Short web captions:
┄┄┄┄┄┄┄┄┄┄┄┄┄┄┄┄┄┄┄┄
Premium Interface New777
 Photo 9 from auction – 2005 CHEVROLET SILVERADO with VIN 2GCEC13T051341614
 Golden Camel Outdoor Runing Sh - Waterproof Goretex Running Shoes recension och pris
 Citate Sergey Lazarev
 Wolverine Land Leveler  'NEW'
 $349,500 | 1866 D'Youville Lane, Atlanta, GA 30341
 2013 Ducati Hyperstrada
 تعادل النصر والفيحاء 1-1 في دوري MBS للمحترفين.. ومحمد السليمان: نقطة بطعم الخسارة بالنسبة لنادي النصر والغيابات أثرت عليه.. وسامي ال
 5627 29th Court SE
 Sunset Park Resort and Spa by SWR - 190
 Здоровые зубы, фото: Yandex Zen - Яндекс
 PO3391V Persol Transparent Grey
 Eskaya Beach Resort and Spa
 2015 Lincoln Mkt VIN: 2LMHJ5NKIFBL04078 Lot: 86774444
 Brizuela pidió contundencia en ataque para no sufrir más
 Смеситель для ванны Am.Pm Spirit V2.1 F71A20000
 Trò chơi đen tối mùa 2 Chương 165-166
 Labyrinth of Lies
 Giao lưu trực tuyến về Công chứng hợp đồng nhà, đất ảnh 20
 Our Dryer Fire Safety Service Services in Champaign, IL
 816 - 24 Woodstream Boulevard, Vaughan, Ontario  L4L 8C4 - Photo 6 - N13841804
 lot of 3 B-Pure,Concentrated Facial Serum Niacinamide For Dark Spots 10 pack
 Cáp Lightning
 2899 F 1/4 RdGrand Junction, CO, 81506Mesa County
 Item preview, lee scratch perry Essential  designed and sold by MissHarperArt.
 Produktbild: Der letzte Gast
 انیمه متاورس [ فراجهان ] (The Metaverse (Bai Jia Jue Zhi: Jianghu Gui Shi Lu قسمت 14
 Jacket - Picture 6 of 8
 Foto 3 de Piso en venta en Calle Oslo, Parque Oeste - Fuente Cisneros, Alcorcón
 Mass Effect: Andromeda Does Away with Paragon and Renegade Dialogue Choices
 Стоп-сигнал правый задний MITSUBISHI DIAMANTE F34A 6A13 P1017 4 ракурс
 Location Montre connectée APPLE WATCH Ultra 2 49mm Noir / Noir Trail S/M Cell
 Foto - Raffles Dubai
┄┄┄┄┄┄┄┄┄┄┄┄┄┄┄┄┄┄┄┄
*Exercise requirements*
Line by line, reproduce the data exactly as given.

*Response to the exercise*
Premium Interface New777
 Photo 9 from auction – 2005 CHEVROLET SILVERADO with VIN 2GCEC13T051341614
 Golden Camel Outdoor Runing Sh - Waterproof Goretex Running Shoes recension och pris
 Citate Sergey Lazarev
 Wolverine Land Leveler  'NEW'
 $349,500 | 1866 D'Youville Lane, Atlanta, GA 30341
 2013 Ducati Hyperstrada
 تعادل النصر والفيحاء 1-1 في دوري MBS للمحترفين.. ومحمد السليمان: نقطة بطعم الخسارة بالنسبة لنادي النصر والغيابات أثرت عليه.. وسامي ال
 5627 29th Court SE
 Sunset Park Resort and Spa by SWR - 190
 Здоровые зубы, фото: Yandex Zen - Яндекс
 PO3391V Persol Transparent Grey
 Eskaya Beach Resort and Spa
 2015 Lincoln Mkt VIN: 2LMHJ5NKIFBL04078 Lot: 86774444
 Brizuela pidió contundencia en ataque para no sufrir más
 Смеситель для ванны Am.Pm Spirit V2.1 F71A20000
 Trò chơi đen tối mùa 2 Chương 165-166
 Labyrinth of Lies
 Giao lưu trực tuyến về Công chứng hợp đồng nhà, đất ảnh 20
 Our Dryer Fire Safety Service Services in Champaign, IL
 816 - 24 Woodstream Boulevard, Vaughan, Ontario  L4L 8C4 - Photo 6 - N13841804
 lot of 3 B-Pure,Concentrated Facial Serum Niacinamide For Dark Spots 10 pack
 Cáp Lightning
 2899 F 1/4 RdGrand Junction, CO, 81506Mesa County
 Item preview, lee scratch perry Essential  designed and sold by MissHarperArt.
 Produktbild: Der letzte Gast
 انیمه متاورس [ فراجهان ] (The Metaverse (Bai Jia Jue Zhi: Jianghu Gui Shi Lu قسمت 14
 Jacket - Picture 6 of 8
 Foto 3 de Piso en venta en Calle Oslo, Parque Oeste - Fuente Cisneros, Alcorcón
 Mass Effect: Andromeda Does Away with Paragon and Renegade Dialogue Choices
 Стоп-сигнал правый задний MITSUBISHI DIAMANTE F34A 6A13 P1017 4 ракурс
 Location Montre connectée APPLE WATCH Ultra 2 49mm Noir / Noir Trail S/M Cell
 Foto - Raffles Dubai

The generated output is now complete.